Nguyen’s mother eventually relocates to Boston, where she and Nguyen are reunited for the first time, after Nguyen’s sophomore year of college. Since then, they have spent less than twenty-four hours together, in meetings that rarely delve below surface-level questions. Nguyen feels much more guilty about the physical and emotional distance than her sister, who believes that families are made, rather than given.

There are no scripts for what they owe their mother, and as Nguyen attempts to write new ones, she must also grapple with the rigid society she grew up in, her new identity as a mother of two, and the changes that came “too late” for “the one and a half generation of people who were born in one country but raised in another.” The result is a probing and generous book about the ways that “a historical body of violence; a systemic violence” inserts itself into refugee families and lingers.

For Nguyen, the words “refugee” and “mother” are “both weighty constructs, infused with assumptions.” Throughout the book, she describes familial circumstances in straightforward prose, before quickly noting or addressing the disproportionate reactions of her peers and assumed readers. When she tells a boyfriend that her family doesn’t say “I love you,” he describes them as “borderline abusive.” She confesses that there were years when she forgot her mother’s full name, although people still defaulted to “I’m sorry” when she told them the story of her mother.

While there are many parts of her history she is still trying to understand, it is people’s reactions to the “unconventional” that have forced her to code-switch and regulate herself, to the point where partners have described her as “withholding.” When a high school classmate laughs about Nguyen’s father running after her with a stick, Nguyen deflects the incident with a joke.

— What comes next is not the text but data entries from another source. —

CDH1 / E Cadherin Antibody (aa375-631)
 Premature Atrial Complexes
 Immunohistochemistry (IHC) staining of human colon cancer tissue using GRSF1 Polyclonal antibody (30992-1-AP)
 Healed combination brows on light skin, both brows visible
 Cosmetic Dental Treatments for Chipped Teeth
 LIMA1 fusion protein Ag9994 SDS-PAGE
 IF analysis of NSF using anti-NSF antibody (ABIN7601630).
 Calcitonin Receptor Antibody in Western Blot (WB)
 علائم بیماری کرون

She learns to cover for herself, creating a layer of protection so she won’t “be made to explain this life to anyone who didn’t already know it.”

As a second-generation Vietnamese American, I’ve experienced a version of the same “colonizing curiosity” when white people learn of my families’ extended relationships, many of which are difficult to name in English (cousins who are actually secret wives, second cousins who are more like general aunts, coworkers who are like family, etc.). Other writers usually ask if I will write a book about it, not because I’ve expressed any interest in doing so but because many refugee and immigrant family relations fall outside of normative, American scripts. Unlike Nguyen, however, I benefit from being born into an era where we have the privilege of arguing about corny diaspora poets online, instead of spending my time bargaining with people to pronounce my name correctly.

It is remarkable how quickly circumstances can change from generation to generation, which Nguyen’s father notes when she searches for an answer to something child-related on her phone—“I wish we had Google when you guys were little. There was so much we didn’t know back then.” Nguyen’s niece, a second-generation American, lives in a “different reality,” angry at Nguyen and her family for staying away, while Nguyen’s kids easily accept that they have a new “Boston grandma” in addition to their “Michigan grandma.” As a self-described Gen X woman of color, Nguyen simply states, “I grew up hating myself because that’s what we did back then.” Nguyen is careful to account for every character’s reality, never forcing a narrative where one doesn’t already exist.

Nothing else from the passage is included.